Each year more people die of flu-related illness than breast cancer, which places influenza virus infection the top ten leading causes of deaths in the U.S. In addition, sporadic and unpredictable influenza pandemics cause even more devastating damages to public health and global economy. Despite this grand challenge, we are limited by the therapeutic countermeasures against flu infection. The only class of drugs that remains effective is the viral neuraminidase inhibitors (NAs), such oseltamivir, zanamivir, and peramivir. However, like many other drugs used to treat infectious diseases, NAs are not an exception in terms of drug resistance, and flu viruses that are resistant to NAs have been continuously reported.
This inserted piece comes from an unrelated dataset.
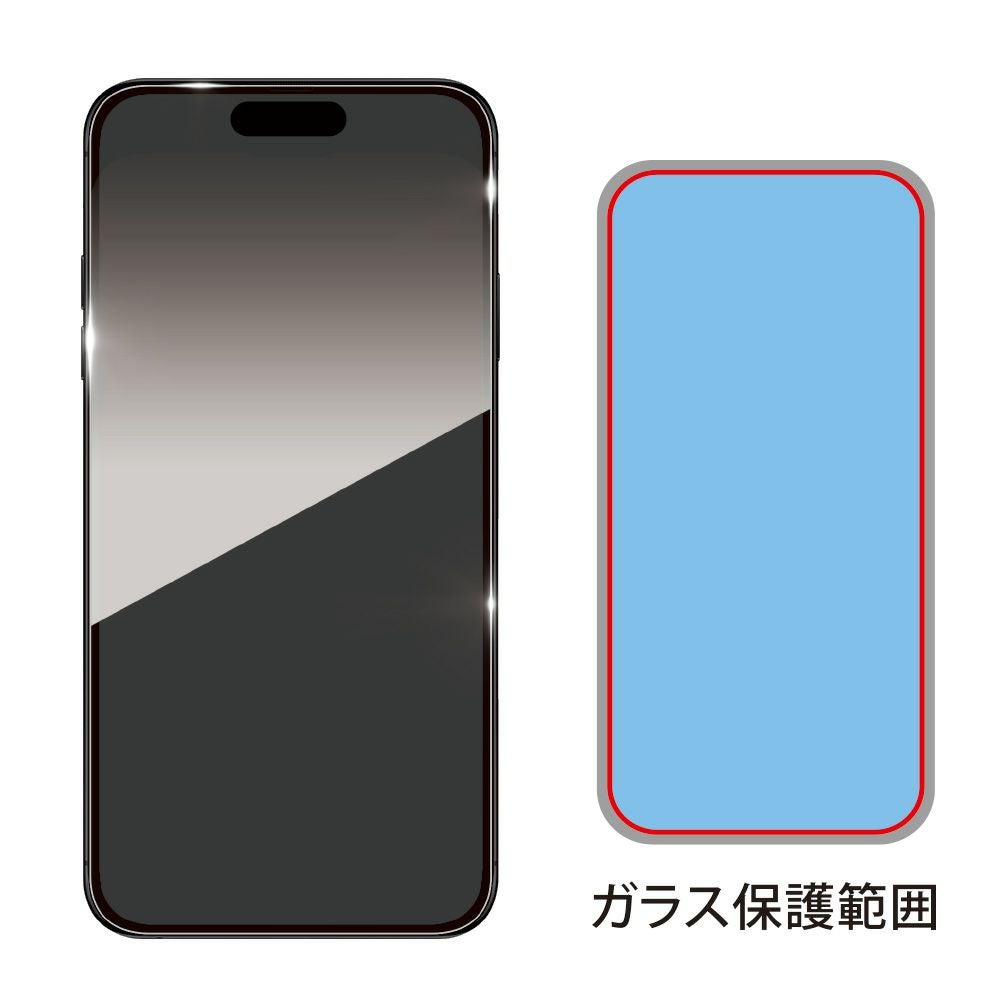 C.N.R 4-8-4 トビー製 6200 ULTRA HARD GLASS for iPhone 17 Series 透明・高光沢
Thus this is a pressing need to develop antivirals to combat multi-drug resistant influenza A viruses. Towards this goal, we explore the influenza A virus M2 proton channel as the drug target. Specifically, we focused on the M2-S31N mutant, which is the predominant drug-resistant mutant among current circulating influenza A viruses. Using an integrated approach involving molecular dynamics simulations, NMR, X-ray, electrophysiology, virology, and medicinal chemistry, we were able to design the first-in-class M2-S31N inhibitors. These lead compounds are not only potential drug candidates, but also invaluable chemical tools which enable us to address fundamental questions such as: Are M2-S31N inhibitors active against multi-drug resistant influenza A viruses? how is the genetic barrier of drug resistance of M2-S31N inhibitors compared to amantadine? Will mutant viruses similarly evolve resistance to M2-S31N inhibitors? If resistance were to emerge, what is the mechanism? Answers to these questions are pivotal to advance the drug discovery program forward.